Nós gostamos de encontrar cumplicidades com o território que pisamos, sugerir que houve uma união de facto entre os povos e a geografia, que provocou fronteiras, etnias, idiomas, razões de paz e de guerra.
Às vezes, faz sentido. Penso sempre no comentário de um amigo italiano, quando o conduzi desde Salamanca para que conhecesse Portugal. Depois dos campos da meseta cultivados até ao horizonte e da alegria transgeracional que ocupava a Plaza Mayor, nas noites de Salamanca, ele começou a ver surgir alguns calhaus na paisagem, por volta de Ciudad Rodrigo. A seguir, mais calhaus e menos paisagem. Depois, era já só calhaus, e os campos férteis apenas uma visão ultrapassada.
Entrámos em Vilar Formoso. As penedias, a serra, o terreno maldito, amaldiçoado, que nem para cabras serve deramlhe as boas-vindas. O meu amigo italiano olhou-me de alto a baixo como se eu fosse dois mil anos de genes de toda uma nação, olhou para a raia, e abanando a cabeça comentou em tom complacente: “Agora compreendo.” Não percebi a diferença, quando entrei na raia do povo Dogon. Pareceu-me que não tinha acontecido nada de novo em relação ao resto do Mali: as mesmas casotas de barro e barrotes, os mesmos saiotes apertando as ancas das mulheres, a mesma aridez asfixiante do deserto, durante o dia, e, à noite, uma doce frescura que retirava peso à vida.
Mas a diferença existe, chama-se falésia de Bandiagara e obriga o Sahara a acabar no nada.
Fugindo da onda islâmica que varreu o Norte de África, no início do segundo milénio, várias tribos animistas recolheram-se à falésia de Bandiagara, acidente de relevo que oferecia uma eficaz proteção aos ataques dos inimigos monoteístas. É provável que seja essa a única origem comum dos cidadãos Dogon a fuga de uma religião nova que não queriam abraçar.
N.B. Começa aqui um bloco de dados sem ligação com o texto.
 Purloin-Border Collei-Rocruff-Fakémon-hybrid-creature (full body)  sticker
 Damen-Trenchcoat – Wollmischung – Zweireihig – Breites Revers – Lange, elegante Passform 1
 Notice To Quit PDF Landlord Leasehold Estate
A fuga e o refúgio. A falésia de Bandiagara, com a sua parede para lá de vertical, em anfiteatro invertido, permitiu a edificação de uma teia de cidades-fortaleza que, com alguma eficácia, foi repelindo os ataques das inimigas tribos muçulmanas. Eis um exemplo tocante da tal cumplicidade entre um povo e o território que habita, que eu mencionava no início. O Mali é um país de maioria muçulmana basta pensar na sua localidade mais emblemática, Timbuctu, e no significado que ela tem para o Islão, tão importante que o seu acesso esteve vedado a homens de outras religiões, ao longo dos séculos. Mas, dentro do Mali, o enclave da falésia de Bandiagara é uma ilha de resistência e pluralidade de credos. Uma fronteira que percorri à boleia, regateada e paga, numa motorizada do primo do amigo do cunhado do dono de uma pensão em Sevaré.
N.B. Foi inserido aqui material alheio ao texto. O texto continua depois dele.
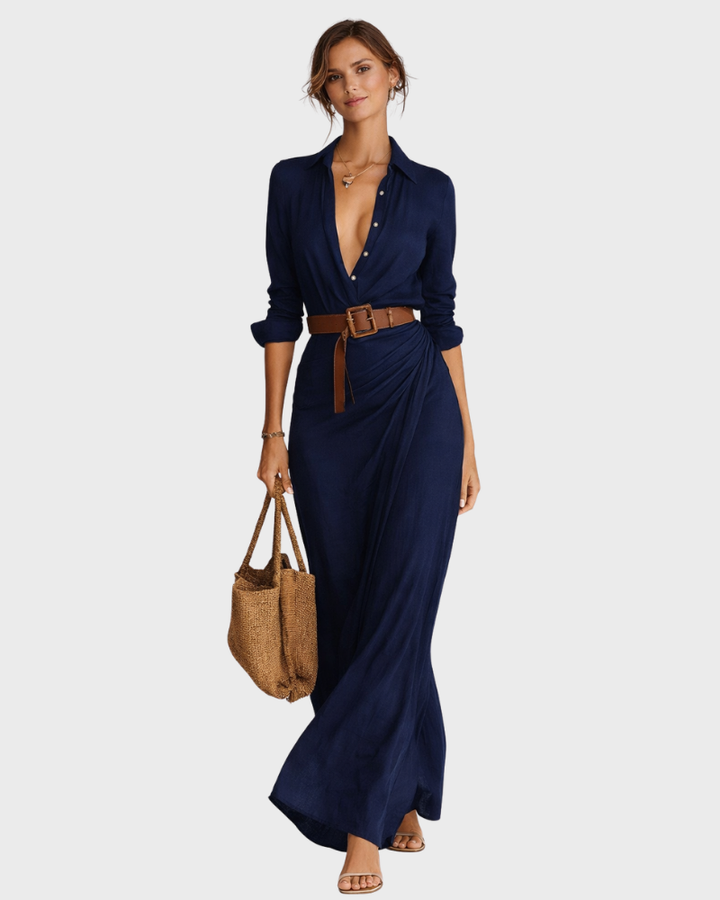 Cherry Elegant Long Women's Dress – Wrap Dress with V-Neck and Wide Belt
Hoje, todas estas aldeias incrustadas na parede vertical da falésia, tal como a própria falésia, são Património da Humanidade, na lista da Unesco. Pergunto-me o que teria acontecido a este legado se os militantes da Al Qaeda tivessem triunfado na guerra do ano passado, no Mali. Era provável que as aldeias rupestres de Bandiagara fossem deliberadamente destruídas pelos talibans africanos, tal como aconteceu com as estátuas dos budas de Bamian, no Afeganistão.
Falta apenas referir a razão de um sistema tão complexo e orgânico de defesa: os Dogon eram alvo de ataques por esclavagistas muçulmanos, que raptavam e transportavam as suas presas até ao golfo da Guiné, onde mercadores portugueses as compravam e as levavam para o Novo Mundo. Nem sempre a contribuição de Portugal para a lista da Unesco é evidente ou celebrativa.